I approached this project with more than a little trepidation.  Does the world need yet another book about so-called paranormal phenomena?, I asked myself.  If so, am I qualified to write it?

   The great visionary poet William Blake wrote that the road of excess leads to the palace of wisdom.  Let us hope.  All pretension aside, what I mean by quoting Blake is that I have read hundreds of volumes–ancient to modern–devoted to events uncanny, anomalous and, often, terrifying.  All a matter of perspective, of course.  Many of these are ludicrous and poorly written.  Some I flung against the nearest wall, cursing myself for wasting hard-won dollars.  The Internet offers mountains of pages, many (but not all) as spurious as printed books.

   Nowhere, excepting politics and religion, will one encounter as many charlatans, liars, hoaxers and outright loonies as prevail in matters paranormal.  A harsh truth, but there it is.  The most important studies–out of hundreds–number fewer than 50, many of these culled from one another.

   Reading books does not make one an authority (or Authority!), whatever the topic.  Scrutinizing 10,000 cookbooks, without hands-on experience, will not enable one to prepare a Thai delicacy.

   I have visited a scattering of haunted places; met the locals, broke their bread and listened to accounts fascinating, ridiculous, and ominous.  We are a cynical, yet hopeful lot.  All of us.  Our world is vibrant with wonder, horror, and more than a bit of mystery (assuming we can be wrenched away from our various electronic playthings).  And let’s face it:  no one gets out of here alive.  Except, apparently, on a few very rare occasions.

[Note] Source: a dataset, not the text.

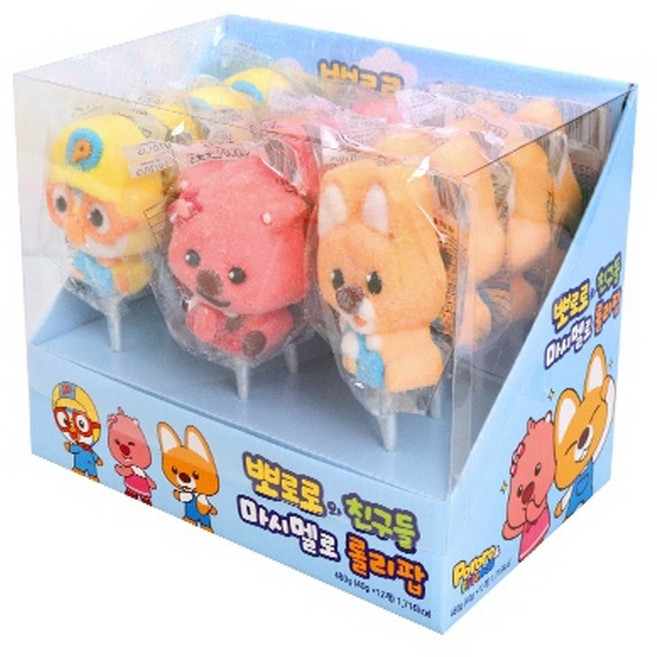 뽀로로와 친구들 마시멜로 롤리팝 뽀로로 루피 에디 마시멜로우, 40g, 12개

   Like these lonely travelers, I have had several strange encounters that haunt me still.  Frankly, I wish they didn’t.  These evoke unpleasant possibilities that might have nothing whatsoever to do with the paranormal.  Sharper, braver souls than me have noted that sometimes the “explanation” for anomalous events can be weirder far than the events themselves.

   I cannot claim final knowledge of what I did, or did not, experience.  But the memories–if genuine–charge me with an undeniable sense that something is here, something other than us.  What that might be I cannot say.  The poet Arthur Rimbaud remarked that he desired to total the sum of the unknown among us.  A lofty goal indeed, for the unknown takes many forms, strips away all defense and comfort, forces us to confront (as Carl Jung, originator of psychoanalysis, noted) a psychically overwhelming Other–for good or ill.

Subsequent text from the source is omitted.